Mediation

In deadlocked situations, people talk to each other differently if they ask a third person to moderate the conversation. Behind opposing positions there is usually a deeper, more hidden issue, the understanding of which is the key to finding a solution. The mediator's special "language" makes it possible to gently make this more transparent.

Thanks to our intensive training as mediators, we are able to get to the bottom of the most important causes in just a few hours and, building on this, take the first steps towards a solution. My job is to ensure a fair discussion that is far better than a dispute and in which you don't have to relive the bad experience. I will get you talking in the right order and with the right wording so that you can take a better look at the situation and relax internally. My approach focuses on identifying interests and needs as well as the dynamics of the interaction. I use systemic approaches for this. Mediation can take 2-5 appointments or longer.

“You always repeat so much of what we say!” I often hear — mediation delves quite deeply into the conversation and, unlike other methods, slows down the pace and works more thoroughly. A mediator questions, probes, senses, takes another look, cares, makes sure everything is going well, and follows every word and every glance... Nevertheless, I’m known for efficient processes — getting to the heart of the matter clearly and sometimes taking a pragmatic approach. I’m sometimes moved when parties in conflict actually value each other, even in the midst of a dispute. That’s when real, lasting progress is made.

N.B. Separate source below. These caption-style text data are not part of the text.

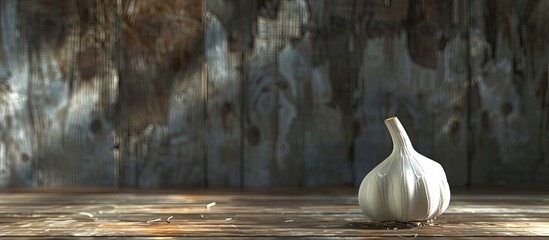 Poster - garlic on a wooden surface. with copy space image. Place for adding text or design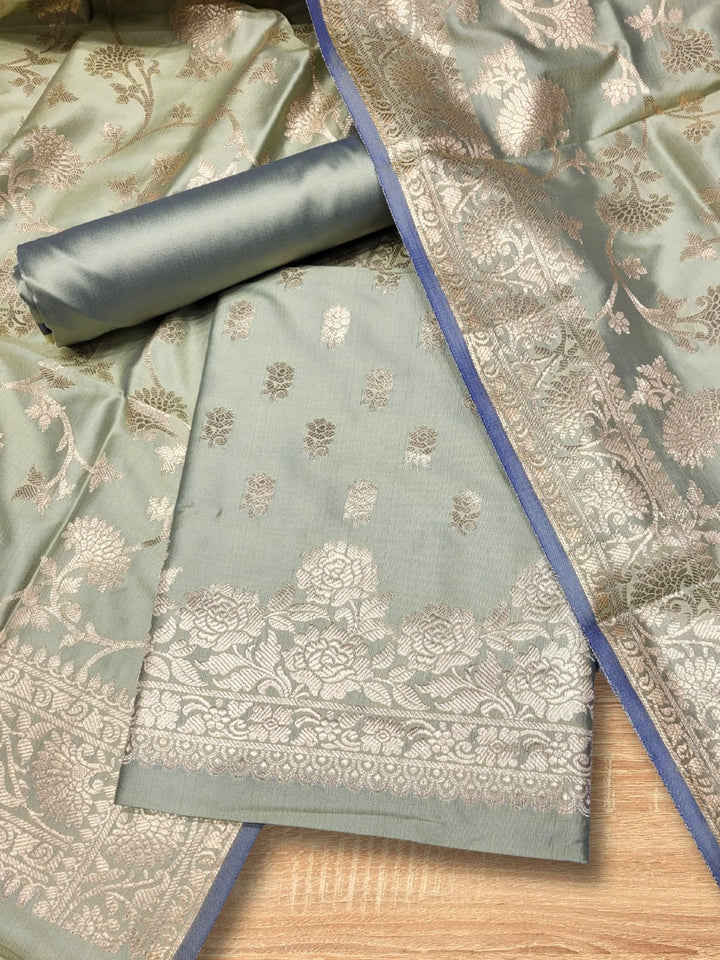Banarasi Satin Silk Dress Material with Floral Rose Zari Weave & Tasseled dupatta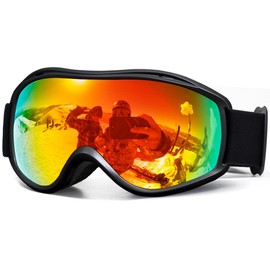 FMY Ski Snowboard OTG Goggles,Anti Fog UV400 Protection Skiing Snowmobile Goggles for Men Women Youth
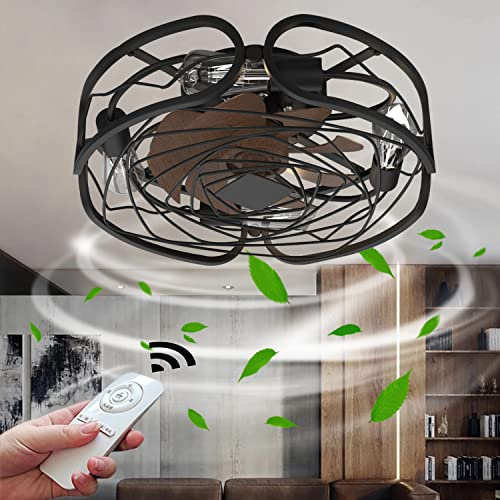 TRUYOK Ventilatori da Soffitto con Lampada Telecomando Timer E27 6- Marce Silenziosa Ventilatore da Soffitto con Luce Moderno Salotto Fan Illuminazione per Camera da letto Cucina Ufficio Balcone Nero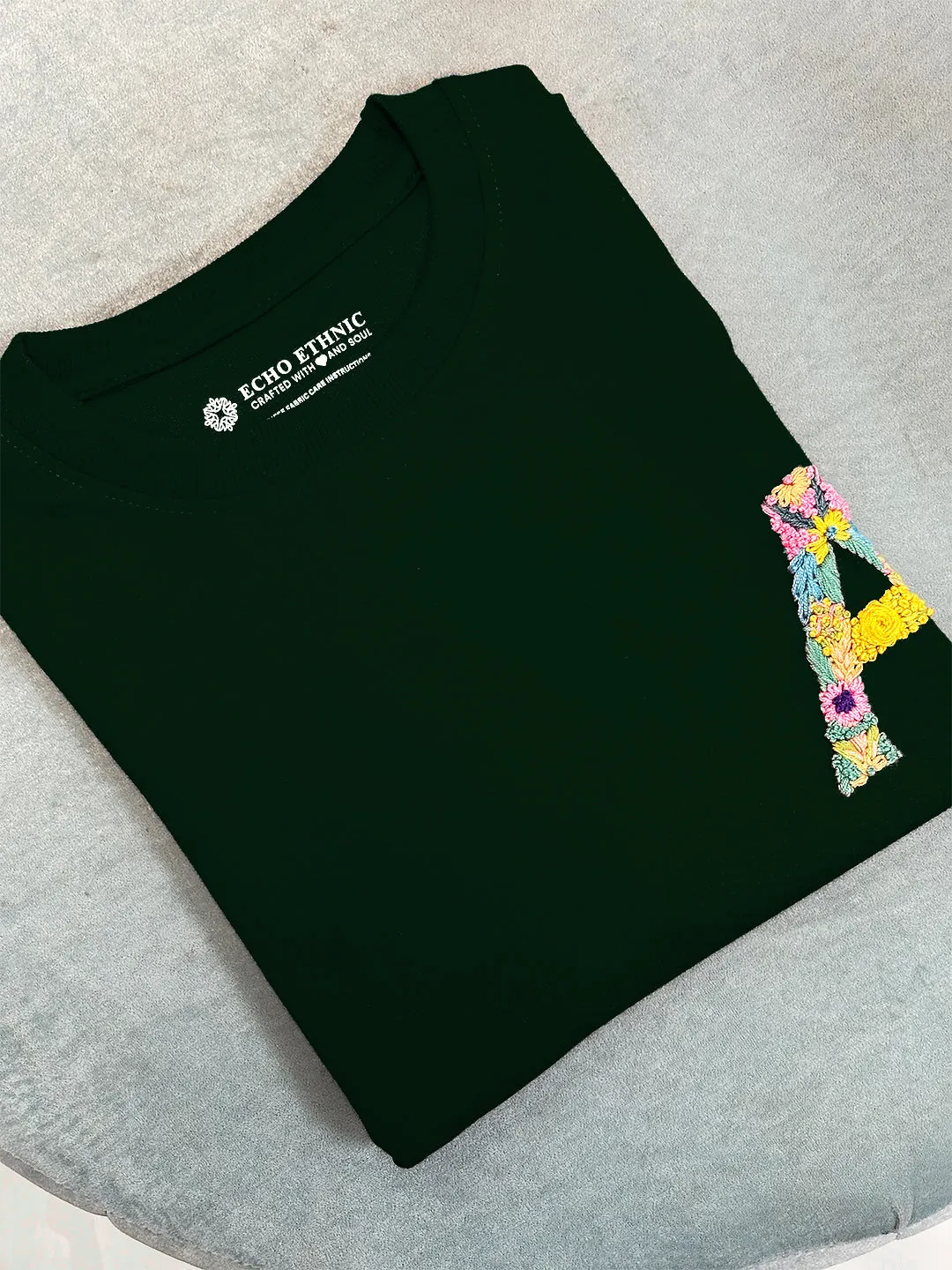 Green - Unisex Hand Embroidered Oversize T-Shirt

Legal basics can be found in the German mediation law, the associated legislative decree (both in German) and at the Bundesverband Mediation website.

Mediation process

When dealing with conflicts, you want to feel that you’re in good hands—so here’s some information about the mediation process and the general framework. If you have any further questions, please feel free to contact me! An initial consultation is always free and non-binding.


Free initial consultation

What can I expect from you as a mediator?

How does it all start?


During an initial consultation, we’ll determine the parameters for the mediation. A phone call is sufficient, or we can schedule a Zoom call: Is your case suitable for mediation? Who is truly interested in mediation? Who will pay for and initiate it, and who will be involved...? Ideally, you should already know that the other party is also interested, as the role of the mediator is not to try to convince them. If the case involves a client who is not personally involved in the conflict - for example, an employer paying for a team - we will assess whether the principles of voluntary participation and confidentiality can be upheld to the extent possible. Only then can mediation be effective. We will then schedule an initial meeting with the parties involved in the conflict.

Is such a process binding?


To ensure that mediation is effective, after the initial consultation we agree on the number of sessions and draw up a mediation agreement of about one page, which is signed. So, yes, it is binding. But of course, participation is voluntary, and you can withdraw from the process at any time.

What do you do to ensure we can communicate despite tensions?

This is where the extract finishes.